“Isn’t college teaching rewarding?” I asked.
He hesitated, rather bleakly. “At times. At least, there are some rewarding pupils—young Sherrill, for instance. A few more like him—students possessed of true intellectual curiosity—and I could feel it was all worth while. But there are discouragingly few.” His voice thinned out a bit as he gazed through me. “One wonders sometimes if one has managed to teach a single person anything of any value.”
“Why, Dr. Edmonds!” I said, then recovered Georgetta and added, “You kind of sound like you’ve got the blues.”
He recovered himself, too, and gave me one of his usual brisk smiles, tinged with an unusual irony. “Oh, the blues are an occupational hazard in my profession—maybe because most teachers should have gone into a different profession in the first place. Now, I might have made an excellent plumber—my father was the best in town.”
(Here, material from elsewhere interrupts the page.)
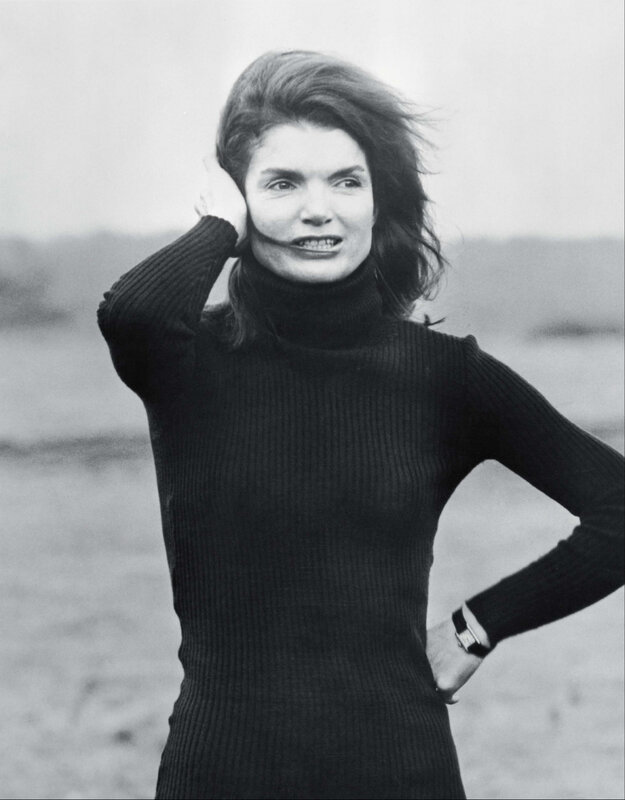 woman in black turtleneck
I said firmly, “Sherry told me you’re the best teacher in this college—the best he ever had.”
Dr. Edmonds dropped his irony and really smiled at me. “Thank you, Miss Greensleeves. But Sherry learns because he wants to, not because I want him to. I believe he learns because he must. He ought to go on and on, find out where it leads him. It will be a pity if he doesn’t get—” I know he was going to say “that scholarship,” but he caught himself and finished rather lamely, “—get to go farther. Into graduate school—where there aren’t so many sheep to slow the others up.”
“Sheep?” I repeated.
Dr. Edmonds smiled and shrugged. “It’s a bit harsh, perhaps, but Ezra Pound once said, ‘Real education must ultimately be limited to men who insist on knowing; the rest is mere sheepherding.’ I think he was right. I seem to have spent my life with the sheep.”
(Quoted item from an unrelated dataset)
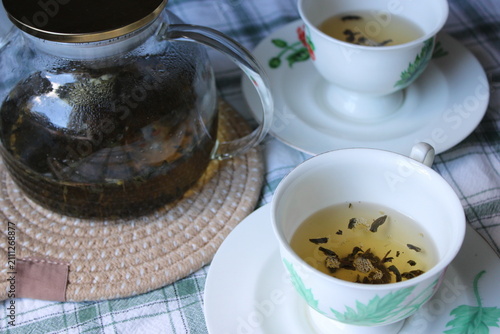 Glass teapot with brewed herbal tea beside two white cups on a checkered tablecloth, showcasing tea leaves floating in the cups and a woven coaster underneath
Again, that odd, bitter note in his voice; then he turned hastily—almost hungrily—back to his book, while I stood mulling all this over and watching his face relax and his expression turn worshipful again as he studied the pictures of the ancient sculptures.
“Dr. Edmonds,” I ventured, “couldn’t you go to Greece sometime?”
“I’d like it above all things,” he said. He glanced up at me, then suddenly closed the book and returned to his everyday manner. He said a lot of hearty things about having to revise his physics textbook extensively this summer, teachers having no time to travel if they expected to publish, and besides there were always summer classes, and incidentally he was almost late for one—and the conversation was over.
Obviously, he doesn’t want to talk or even think about a trip to Greece. Because he hates to admit he hasn’t the money? I can’t quite believe in that time-devouring textbook. Anybody could take three weeks off to do a thing he wants that badly to do.
My letter was from Franz. A good letter. It’s made me homesick for him—for anybody I could be myself with for just five minutes. Good old Franz.
11th July (I think. Anyway, Thursday) . . . Day off. And I’m not going to do a solitary thing more energetic than wash some nylons and maybe file my nails. Nothing to report except that Dave seems to be keeping his word and my secret, and Mrs. Jackson is beginning, almost imperceptibly, to thaw. Maybe Dr. Edmonds did his promised bit of smoothing-over.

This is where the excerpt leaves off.